What is expected:
For this exercise, copy all the data exactly and include none of the pictures.

Raw data:
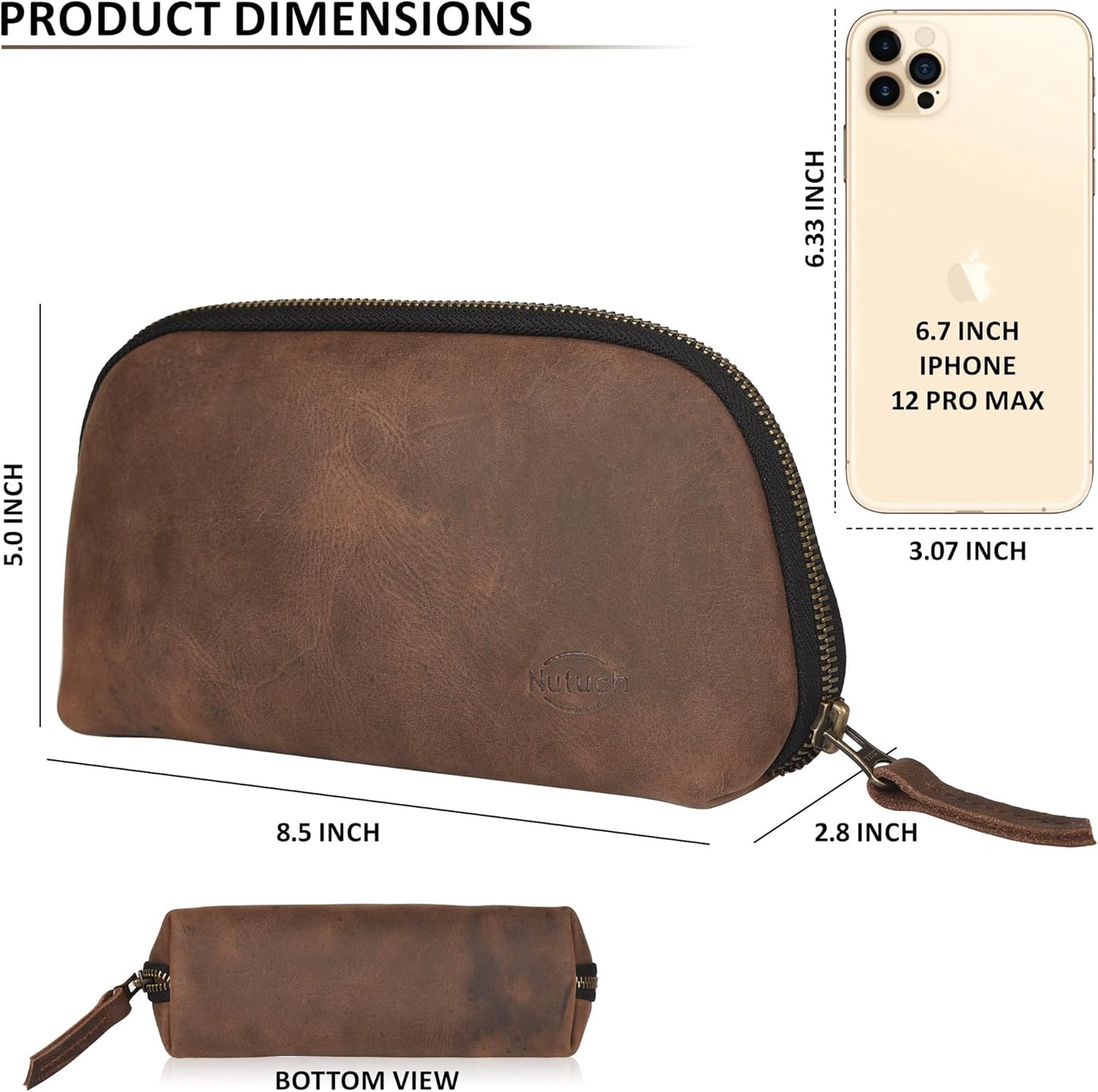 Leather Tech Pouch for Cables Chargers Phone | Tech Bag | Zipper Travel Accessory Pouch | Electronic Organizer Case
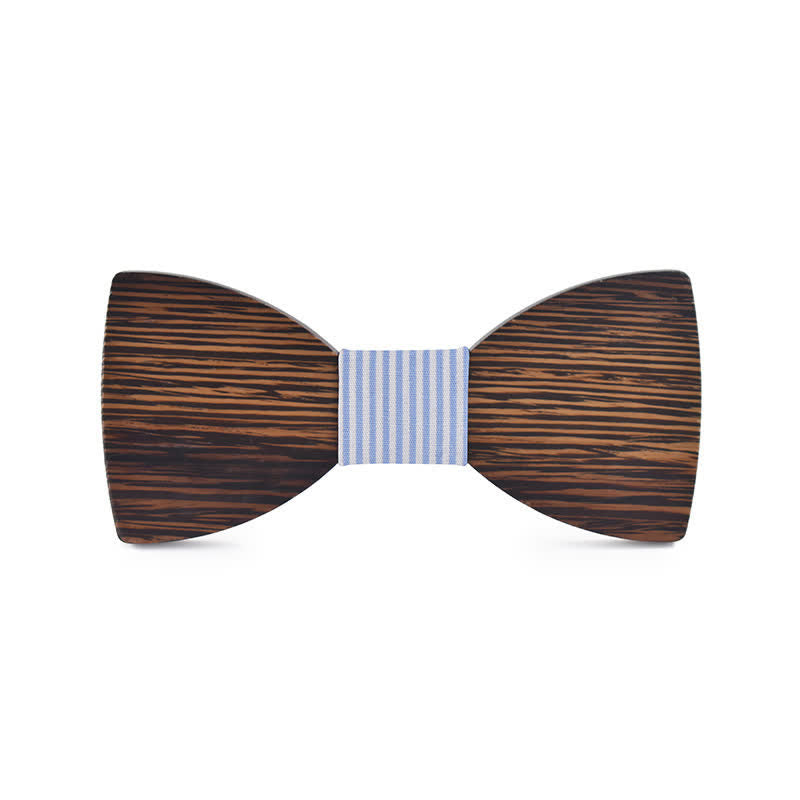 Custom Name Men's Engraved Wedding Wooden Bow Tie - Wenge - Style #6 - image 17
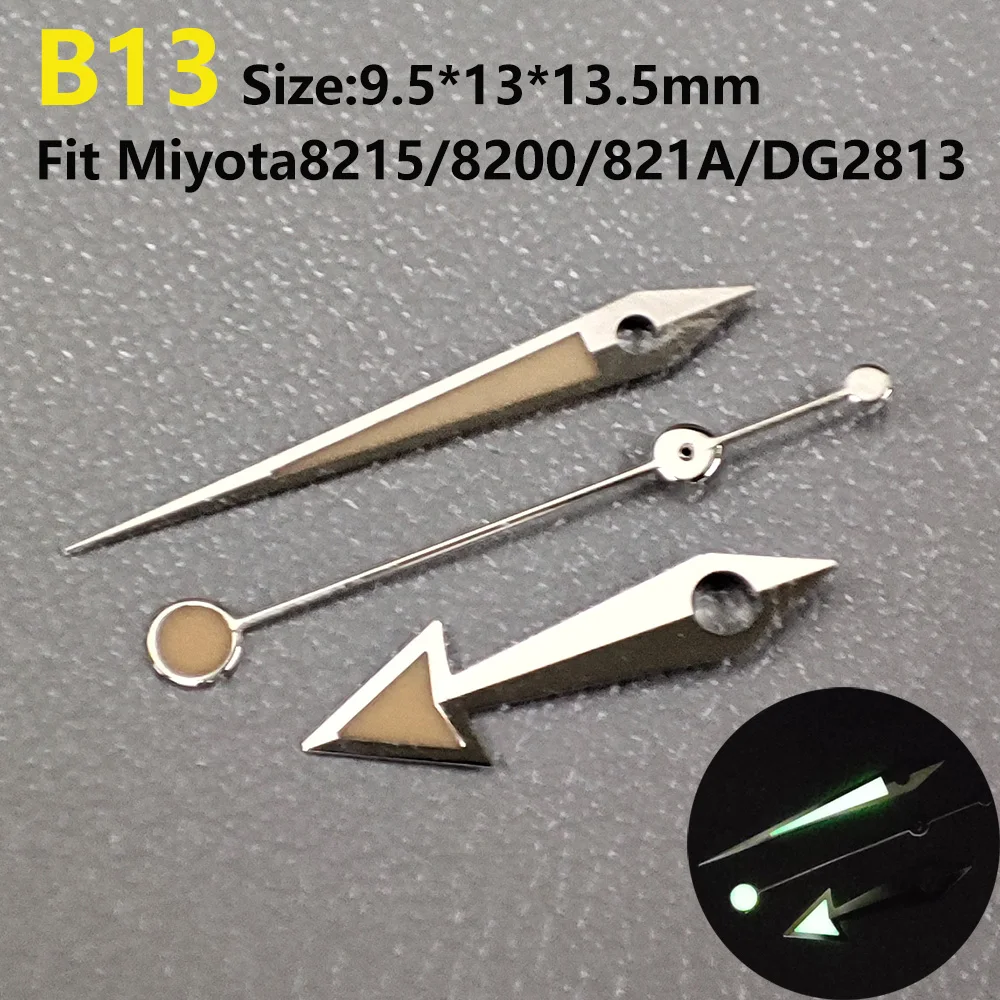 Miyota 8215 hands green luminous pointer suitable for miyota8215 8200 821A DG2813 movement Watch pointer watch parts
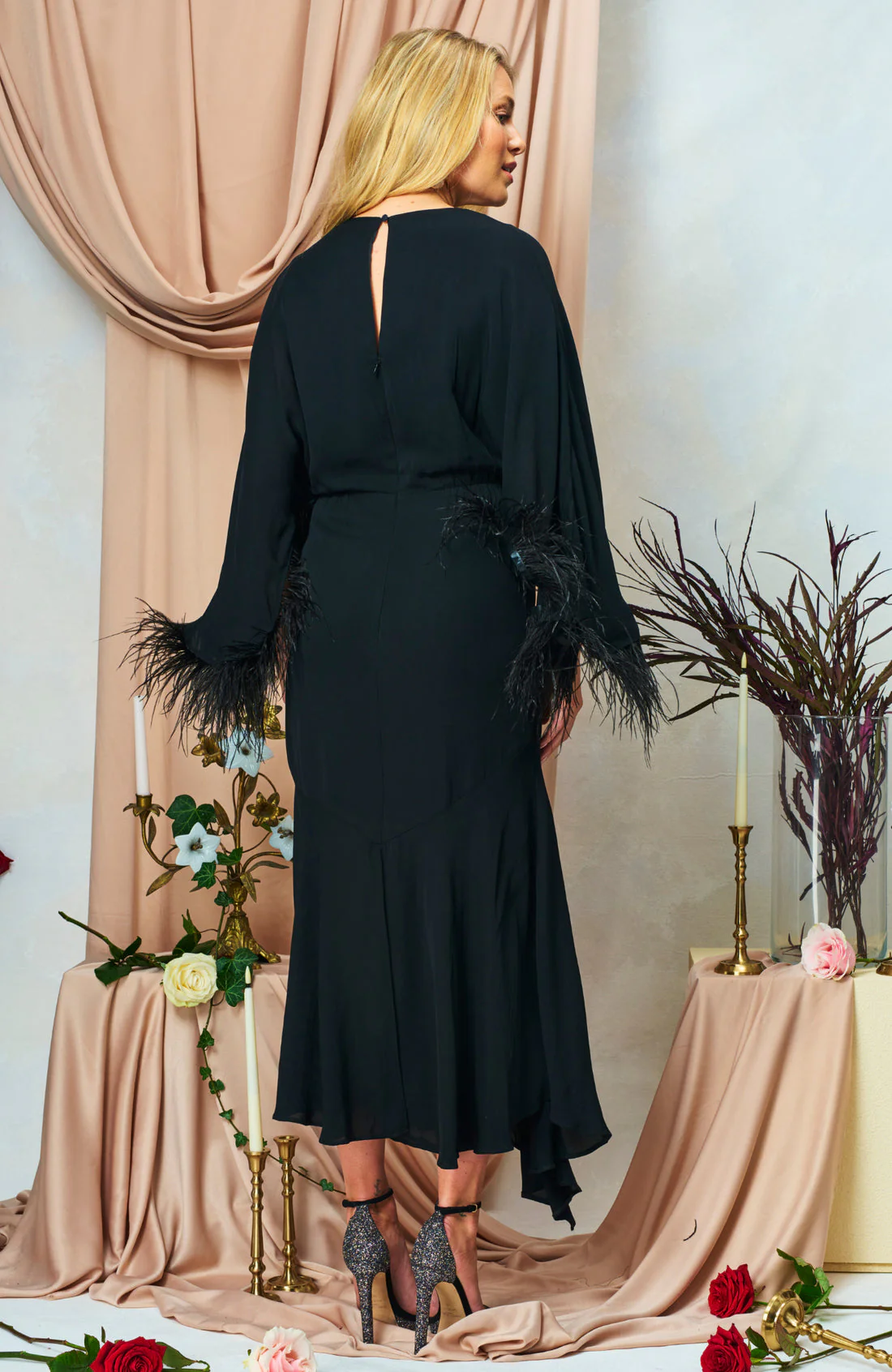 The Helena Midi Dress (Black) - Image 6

Solution:
 Leather Tech Pouch for Cables Chargers Phone | Tech Bag | Zipper Travel Accessory Pouch | Electronic Organizer Case
 Custom Name Men's Engraved Wedding Wooden Bow Tie - Wenge - Style #6 - image 17
 Miyota 8215 hands green luminous pointer suitable for miyota8215 8200 821A DG2813 movement Watch pointer watch parts
 The Helena Midi Dress (Black) - Image 6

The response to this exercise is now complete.